§ **Dataset excerpt**
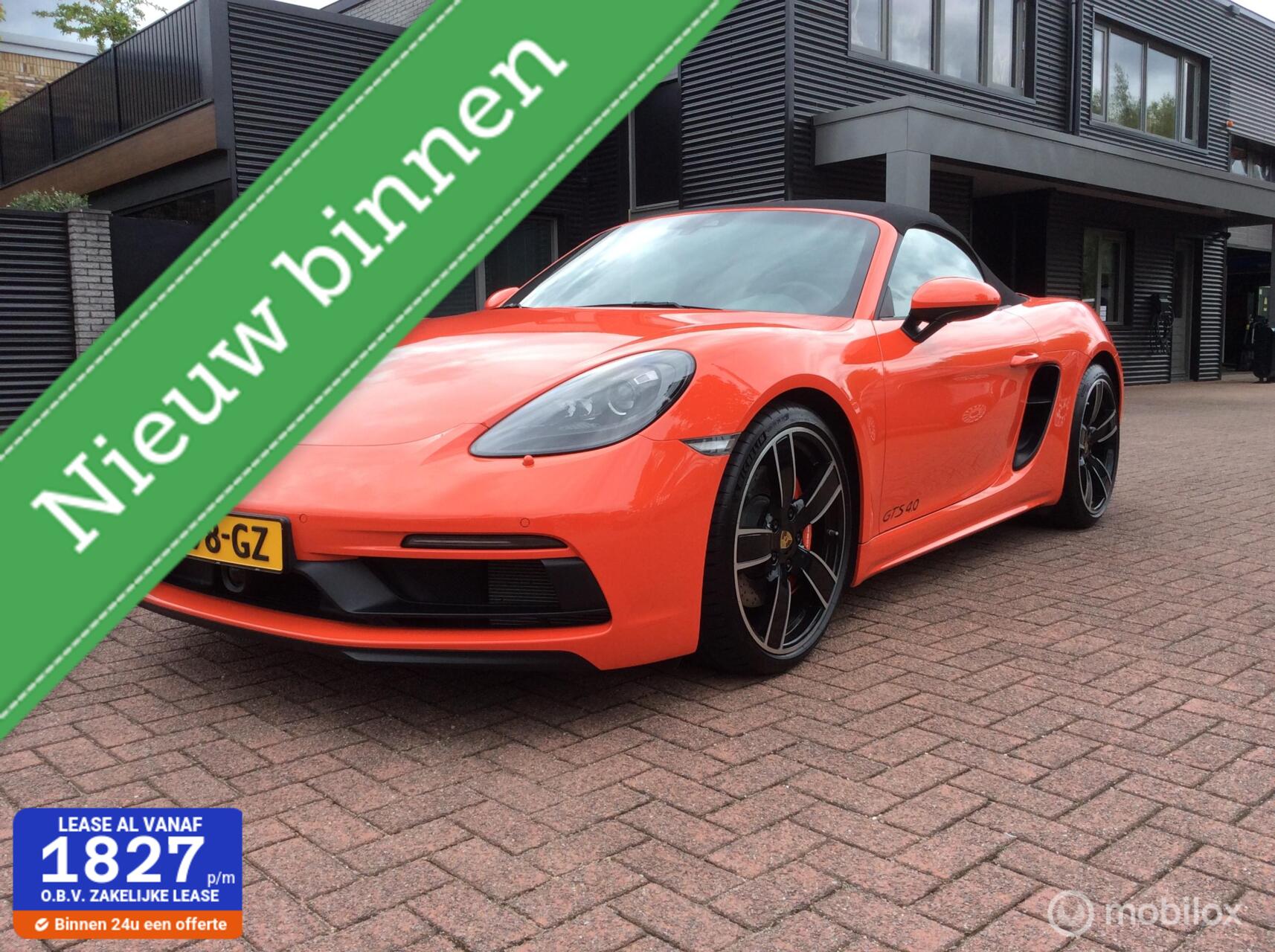 Foto van PORSCHE 718 Boxster GTS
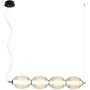 Italux Rinot PND-45372-4-WH-CL Pendelleuchte 1x29W/LED 3000K 1600lm IP20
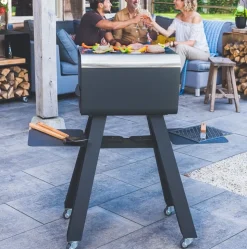 Barbecue Onderstel Artola BoQ voor Qrib Zwart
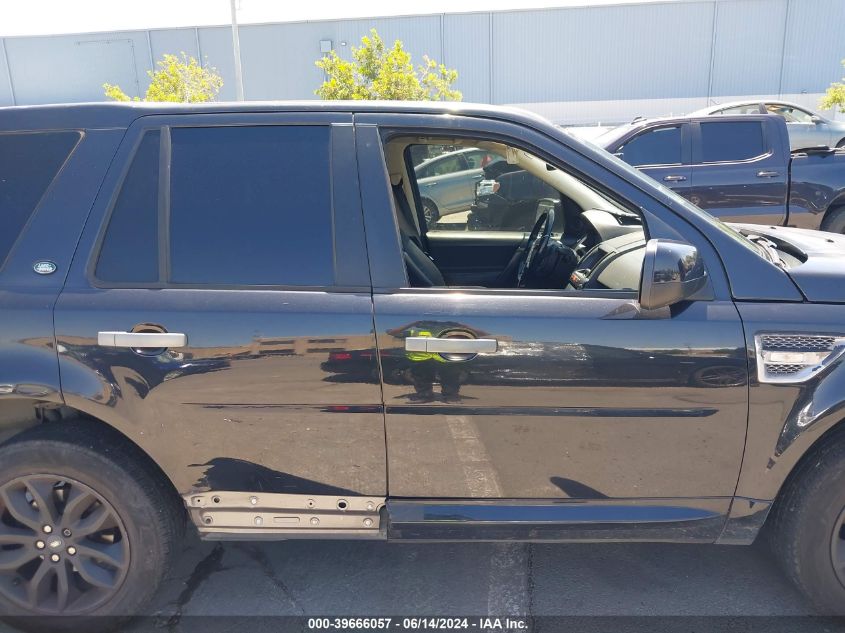 2011 Land Rover Lr2 VIN: SALFR2BN2BH275371 Lot: 39666057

§ **Work order**
Restate word for word only the lines from the one with "Barbecue Onderstel Artola" through the last line of the material, both included. Any picture should be left out.

§ **Response below**
 Barbecue Onderstel Artola BoQ voor Qrib Zwart
 2011 Land Rover Lr2 VIN: SALFR2BN2BH275371 Lot: 39666057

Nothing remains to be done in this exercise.